Среди встречавших Вильгельма «хлебом-солью» – Даниель Фо. Его ум, как и ум Робинзона, увидевшего на горизонте корабль, «помутился от нежданной радости». Вскочил, рассказывают, на коня и во весь опор поскакал в Хенли навстречу королю-освободителю. «Найдется ли в нашей стране человек, который бы, отходя ко сну, не пожелал благоденствия Уильяму!» – восклицает он со слезами умиления и восхищения. Уильяма восхваляет, а Якова и его сторонников якобитов поносит, называет безнравственными, коварными лицемерами: для протестантов католики были прежде всего лицемерами, ханжами.
День 5 ноября 1688 года, когда Вильгельм, «голландец Билли», высадился на английском берегу, Дефо в одном из номеров своего «Обозрения» назовет «славным днем, дорогим каждому британцу, всем тем, кто любит свою родину, превозносит протестантство и испытывает ненависть к тирании и угнетению».
«В этот день, – торжествует Дефо, – родился Уильям Третий, в этот день женился он на дочери английского народа и в этот же день спас наш народ от рабства похуже египетского. Рабства и души, и тела; рабства, в которое ввергли нас непомерные амбиции, гордыня, алчность, жестокость и сластолюбие».
5 ноября Дефо будет всю жизнь отмечать как «день национального освобождения».
Но при этом Декларация о веротерпимости, заявленная еще Карлом II и подтвержденная Яковом, а следом и Вильгельмом, «королем-освободителем», с которым Даниель с самого начала связывает большие – и вполне обоснованные – ожидания, вызывает у писателя смешанные чувства. Казалось бы, Вильгельм, вслед за Карлом и Яковом, дарует своим подданным, нонконформистам в том числе, право молиться так, как они хотят. Даниель Фо, однако, недоволен – и этого не скрывает: в Декларации он, как и полагается законопослушному члену общества, усматривает нарушение закона.
«Что может быть абсурднее, – писал он, когда на троне еще сидел Яков, в «Размышлениях касательно декларации его величества о свободе совести», – чем поведение короля, который, дабы подольститься к раскольникам, привлечь их на свою сторону, дарует им свободу совести, сообразуясь единственно со своим произвольным, неукоснительным правом, и рассчитывая, что раскольники будут пожинать плоды своей религиозной свободы, дарованной им вопреки Закону».
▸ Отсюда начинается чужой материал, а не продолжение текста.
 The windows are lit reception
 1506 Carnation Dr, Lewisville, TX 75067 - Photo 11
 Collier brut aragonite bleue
Отповедь королю суровая, суровая – а потому анонимная… Как, собственно, и абсолютное большинство сочинений Дефо. И Свифта, кстати говоря, тоже.
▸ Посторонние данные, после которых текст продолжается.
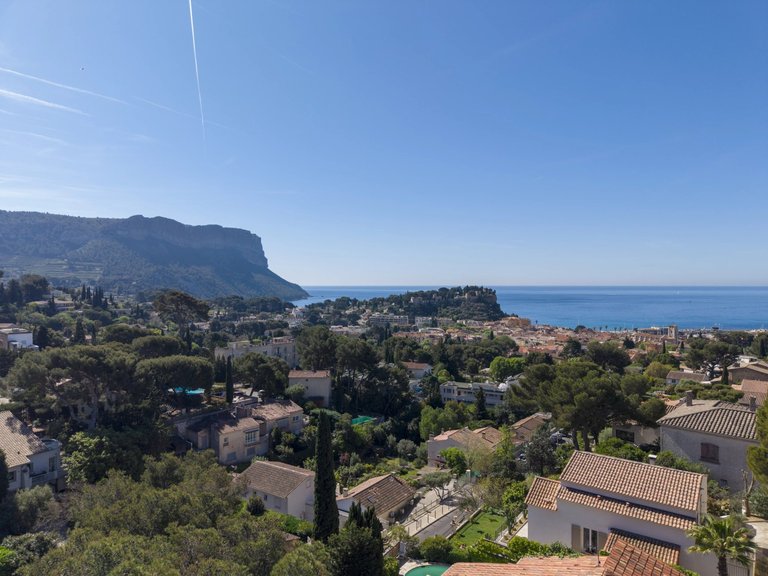 Villa for Sale in Cassis, Provence Coast (cassis To Cavalaire) 8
Тем временем надежда стать доверенным лицом его нидерландского величества и правда вполне осуществима. Да и почему бы крупному коммерсанту, судовладельцу, члену лондонской торговой палаты не стать, к примеру, мэром Лондона – чем черт не шутит?
И тут – очередная напасть, да какая! В 1692 году Даниель Фо обанкротился: он занимался, среди прочего, страхованием морских судов, а корабли – вот ведь незадача! – часто тонули, или их топили французы, или они попадали к пиратам, в результате чего Фо задолжал в общей сложности более пятнадцати тысяч фунтов. Денежные претензии предъявляют ему не один, а несколько кредиторов, люди именитые, почтенные, и настроены они более чем серьезно. Закон суров: не можешь расплатиться с долгами – садишься в тюрьму; пускаешься в бега – при поимке смертная казнь. Остается одно: опять, как и после восстания Монмута, скрыться из виду, замести следы.